06. Interpolation - Multiple Linear Regression (+ residual correction)#

In this tutorial, we’ll cover the interpolation of point data using the Multiple Linear Regression (MLR) methodology and applying a residual correction, available in PyMica as mlr+id2d and mlr+id3d depending on the residual correction interpolation method. This methodology requires location (lon and lat), predictor variables such as altitude (altitude) or distance to coast line (among others), and value to interpolate. If mlr+id3d is selected, altitude must be provided in the variables_files.
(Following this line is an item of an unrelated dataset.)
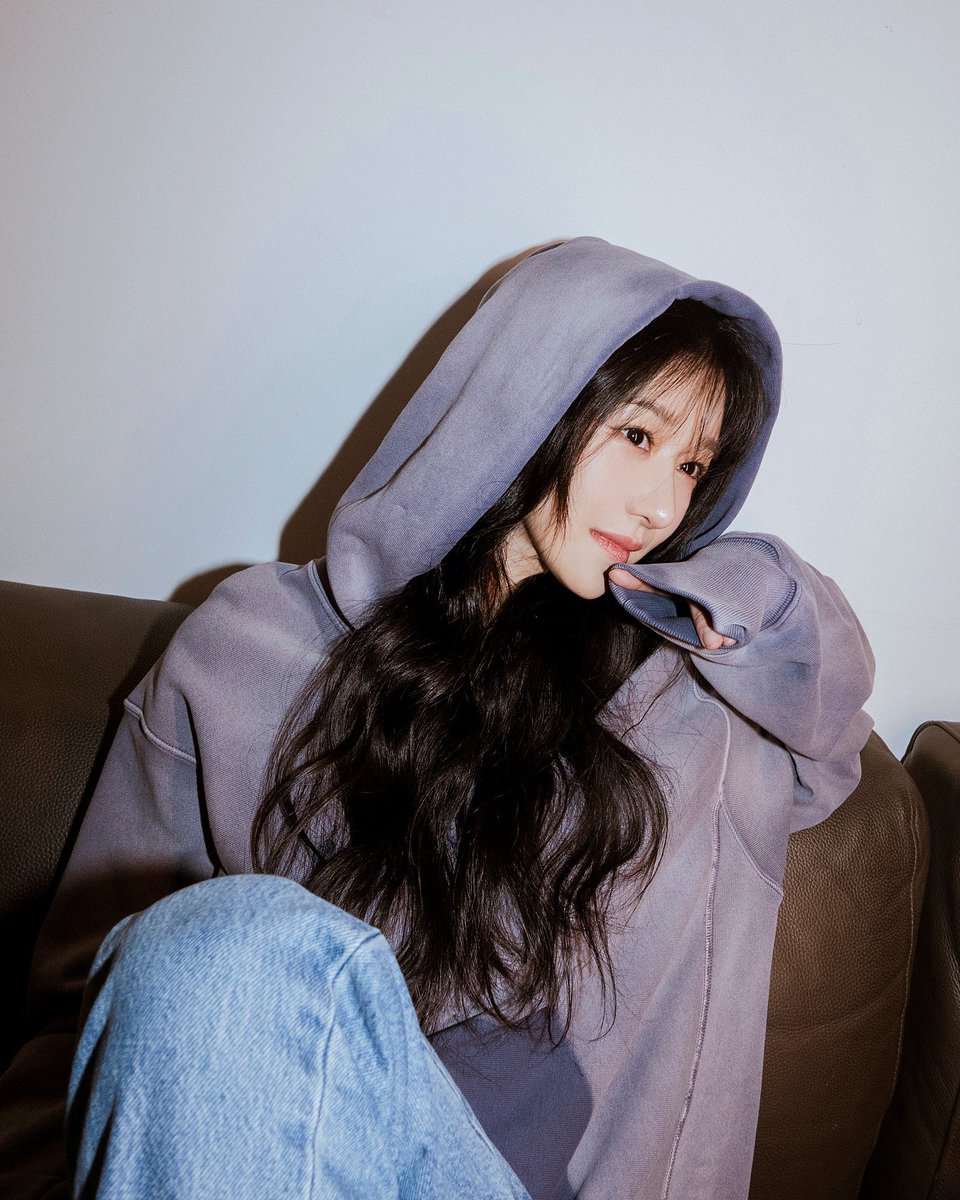 _WithYeaji's tweet photo. [포토] #서예지 팬카페 업데이트 https://t.co/l4PAleZMvk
We’ll use Meteorological Service of Catalonia sample data to demonstrate how to apply these interpolation techniques. Therefore, we need to import the required modules. First, we need to load observation data and also the PyMica class.

import json

from pymica.pymica import PyMica

Interpolation mlr+id2d#

Let’s call the PyMica class with the appropriate parameters, setting the methodology to mlr+id2d and the configuration dictionary as follows:

config_file = 'sample-data/configuration_sample.json'

with open('sample-data/configuration_sample.json', 'r') as f_p:
    config = json.load(f_p)

config['mlr+id2d']
{'id_power': 2.5,
 'id_smoothing': 0.0,
 'clusters': 'None',
 'variables_files': {'altitude': 'sample-data/explanatory/cat_dem_25831.tif',
  'dist': 'sample-data/explanatory/cat_distance_coast.tif'},
 'interpolation_bounds': [260000, 4488100, 530000, 4750000],
 'resolution': 270,
 'EPSG': 25831}

where:

  • id_power: rate at which the influence of distant data points diminishes as we move away from them.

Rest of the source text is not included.